(DATA SEGMENT)

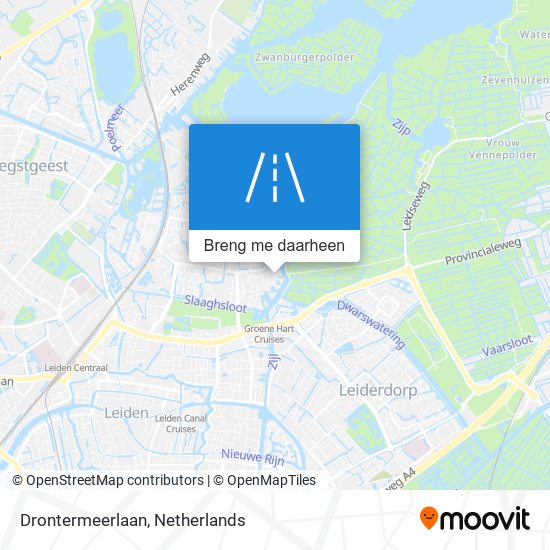 Drontermeerlaan kaart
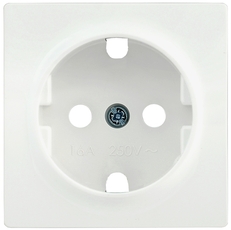Накладка розетка с заземляющим контактом BOLERO белый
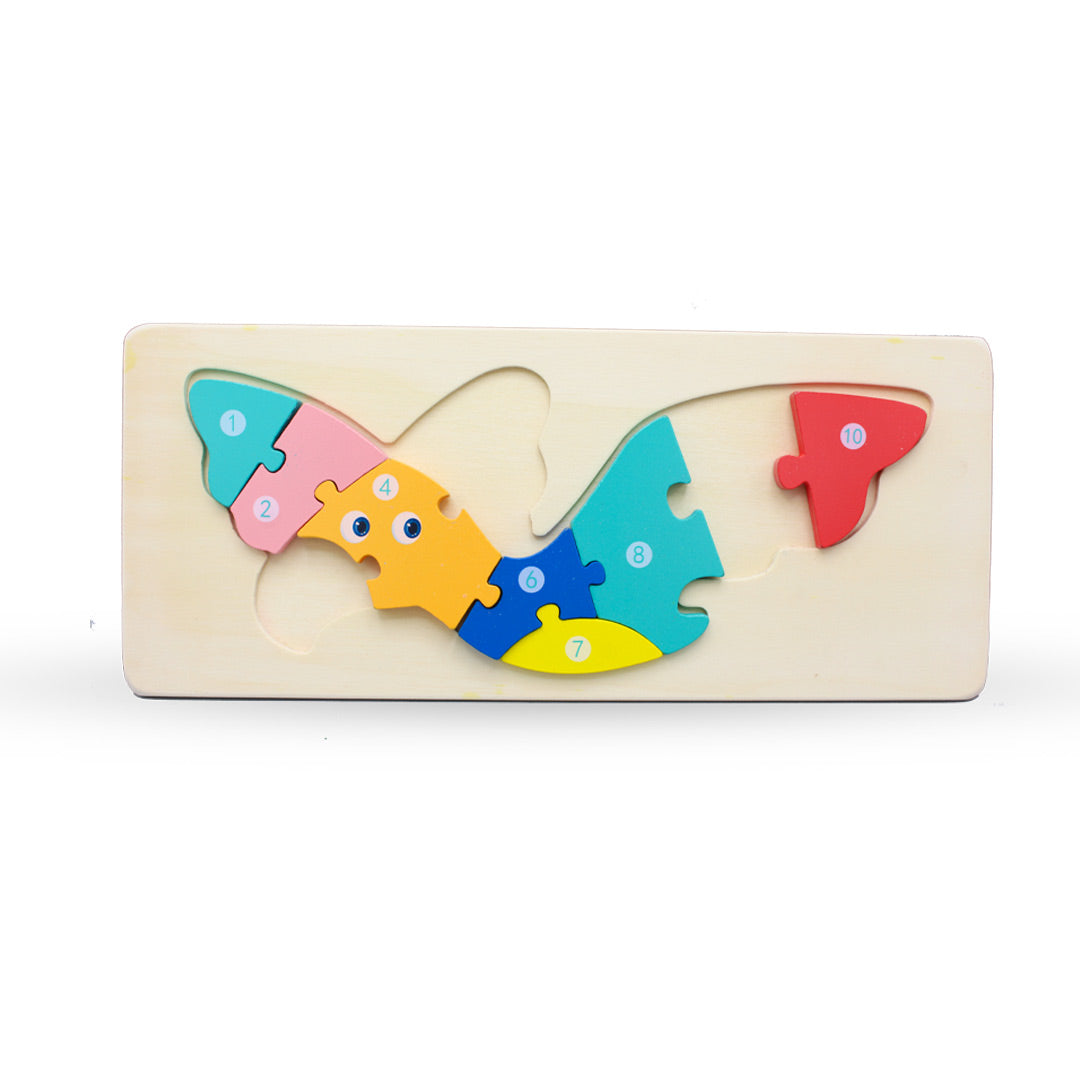 Wooden Dinosaur Number Jigsaw Puzzles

(End DATA SEGMENT)

* [WORK INSTRUCTIONS]: Write out the whole listing again, exactly, with no pictures.

* [YOUR RESPONSE]:
 Drontermeerlaan kaart
Накладка розетка с заземляющим контактом BOLERO белый
 Wooden Dinosaur Number Jigsaw Puzzles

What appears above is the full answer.